The series, timed for the upcoming holiday season, features party food and recipes that are all meat-free. Mary was raised vegetarian by her dad and late mom, Linda, who were passionate animal rights advocates and proponents of plant-based diets decades before it was trendy.

“I’m so proud because my parents were pioneering that … that sort of movement,” she explained. “They weren’t, you know, embarrassed, shamed into sort of giving up on it. They stood by their guns, you know, they stood by their ethics. Always so yeah, I’m really proud.”

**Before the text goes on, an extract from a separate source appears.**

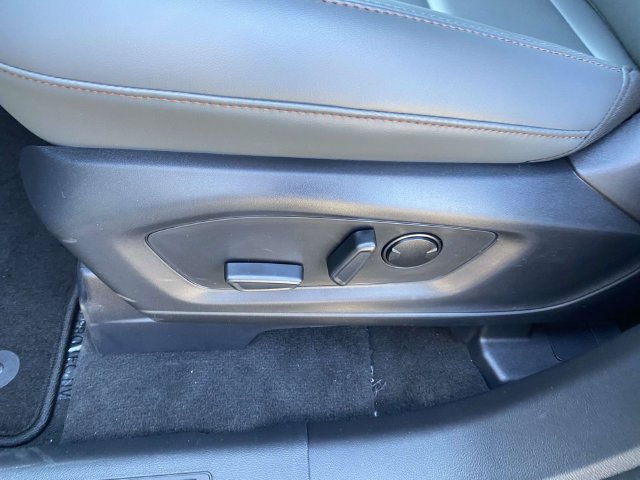 New 2027 Ford Explorer Active w/ Active Comfort Package RWD image 9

Mary’s mother, Linda, who sadly passed away from breast cancer in 1998 at the age of 56 and was also an accomplished photographer, is clearly always on Mary’s mind.

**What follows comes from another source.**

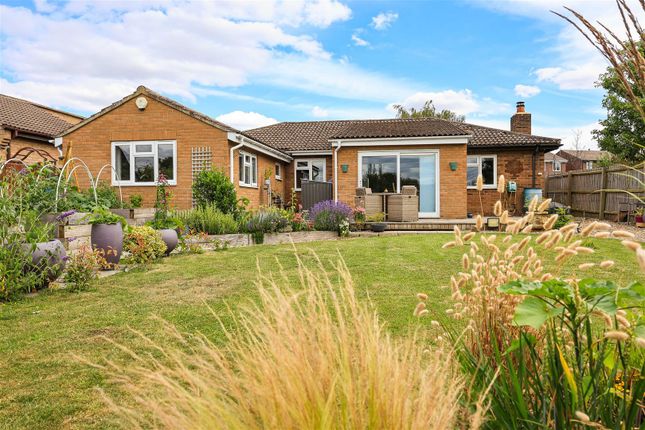 16, Hall Drive, Cambridge photo 2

“She was such an inspiration,” she said proudly. “She was such a pioneer, wasn’t she? I was thinking about her yesterday. I think it would be so great if I could bring her back for a day and just show her how much it has progressed. And you know, she would just be smiling from ear to ear about it.”

Mary says she doesn’t like to be “preachy” about a meat-free diet and says her approach is gentle persuasion.

“I say, ‘How about sort of just eating one meal at a time?,’” she explained. “‘Try it? And you might surprise yourself.’ And then usually if it’s satisfying and flavorful enough I usually win people around in the end.”

I try to inspire people, try and make people excited. I want to make your mouth water with my recipes,” she continued. “I want to, you know, I want to make people want to eat this way and be part of the gang because it’s a pretty fun gang.”